Work order
From the records below, set down exactly the lines starting with the line that contains "Omslag van Zelfreflectie" and going on through the line that contains "Photo 6 from". Nothing else is wanted.

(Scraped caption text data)
************
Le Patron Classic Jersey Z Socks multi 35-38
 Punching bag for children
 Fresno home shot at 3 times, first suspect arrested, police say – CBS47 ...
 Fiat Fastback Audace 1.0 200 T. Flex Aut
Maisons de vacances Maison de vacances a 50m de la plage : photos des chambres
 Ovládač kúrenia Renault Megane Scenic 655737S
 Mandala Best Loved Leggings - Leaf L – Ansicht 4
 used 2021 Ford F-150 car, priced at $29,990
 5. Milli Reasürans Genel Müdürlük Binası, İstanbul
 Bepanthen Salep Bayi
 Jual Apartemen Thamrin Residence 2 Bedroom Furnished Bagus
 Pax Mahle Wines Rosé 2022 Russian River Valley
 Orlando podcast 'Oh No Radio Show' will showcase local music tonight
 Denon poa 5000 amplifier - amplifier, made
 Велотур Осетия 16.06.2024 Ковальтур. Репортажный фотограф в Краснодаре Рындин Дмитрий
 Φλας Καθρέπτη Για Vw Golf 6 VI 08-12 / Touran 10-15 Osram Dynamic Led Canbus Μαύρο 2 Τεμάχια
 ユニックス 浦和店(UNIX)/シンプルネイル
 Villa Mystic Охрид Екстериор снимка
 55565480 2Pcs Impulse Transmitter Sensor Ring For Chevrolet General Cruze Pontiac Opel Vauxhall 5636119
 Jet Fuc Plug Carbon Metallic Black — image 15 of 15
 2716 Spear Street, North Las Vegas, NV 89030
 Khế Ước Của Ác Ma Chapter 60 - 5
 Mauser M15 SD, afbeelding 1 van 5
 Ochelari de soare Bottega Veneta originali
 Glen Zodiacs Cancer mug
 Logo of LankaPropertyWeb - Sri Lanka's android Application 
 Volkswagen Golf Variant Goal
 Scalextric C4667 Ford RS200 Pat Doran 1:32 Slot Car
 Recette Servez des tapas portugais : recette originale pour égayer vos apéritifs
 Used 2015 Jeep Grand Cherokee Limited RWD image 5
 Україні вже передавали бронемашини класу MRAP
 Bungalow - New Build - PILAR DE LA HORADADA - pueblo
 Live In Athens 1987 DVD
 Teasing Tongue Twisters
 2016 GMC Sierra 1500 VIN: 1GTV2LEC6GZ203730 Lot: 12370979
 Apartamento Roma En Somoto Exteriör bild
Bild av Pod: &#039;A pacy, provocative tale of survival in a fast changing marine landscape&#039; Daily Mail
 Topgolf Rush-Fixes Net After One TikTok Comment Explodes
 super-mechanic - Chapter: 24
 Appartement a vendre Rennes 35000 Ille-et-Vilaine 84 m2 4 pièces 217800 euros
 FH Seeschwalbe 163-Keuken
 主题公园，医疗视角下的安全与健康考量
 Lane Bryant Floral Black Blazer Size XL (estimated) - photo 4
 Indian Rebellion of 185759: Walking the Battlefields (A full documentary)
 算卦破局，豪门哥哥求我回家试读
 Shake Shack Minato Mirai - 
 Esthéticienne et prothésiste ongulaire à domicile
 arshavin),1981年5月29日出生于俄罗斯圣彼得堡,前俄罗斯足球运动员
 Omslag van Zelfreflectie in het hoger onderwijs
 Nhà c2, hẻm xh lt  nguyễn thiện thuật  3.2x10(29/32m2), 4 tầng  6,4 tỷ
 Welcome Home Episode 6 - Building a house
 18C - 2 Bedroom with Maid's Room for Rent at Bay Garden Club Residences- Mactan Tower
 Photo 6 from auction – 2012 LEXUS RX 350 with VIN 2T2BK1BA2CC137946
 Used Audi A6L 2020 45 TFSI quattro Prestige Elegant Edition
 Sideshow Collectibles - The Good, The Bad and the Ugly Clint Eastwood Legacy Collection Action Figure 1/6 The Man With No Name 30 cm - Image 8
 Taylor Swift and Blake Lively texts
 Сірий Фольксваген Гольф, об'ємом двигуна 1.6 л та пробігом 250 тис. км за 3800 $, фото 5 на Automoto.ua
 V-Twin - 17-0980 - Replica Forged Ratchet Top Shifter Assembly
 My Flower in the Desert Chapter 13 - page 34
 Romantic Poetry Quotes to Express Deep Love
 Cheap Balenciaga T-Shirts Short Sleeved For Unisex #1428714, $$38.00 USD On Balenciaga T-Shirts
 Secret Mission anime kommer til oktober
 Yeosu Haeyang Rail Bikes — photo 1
************
Problem solution
 Omslag van Zelfreflectie in het hoger onderwijs
 Nhà c2, hẻm xh lt  nguyễn thiện thuật  3.2x10(29/32m2), 4 tầng  6,4 tỷ
 Welcome Home Episode 6 - Building a house
 18C - 2 Bedroom with Maid's Room for Rent at Bay Garden Club Residences- Mactan Tower
 Photo 6 from auction – 2012 LEXUS RX 350 with VIN 2T2BK1BA2CC137946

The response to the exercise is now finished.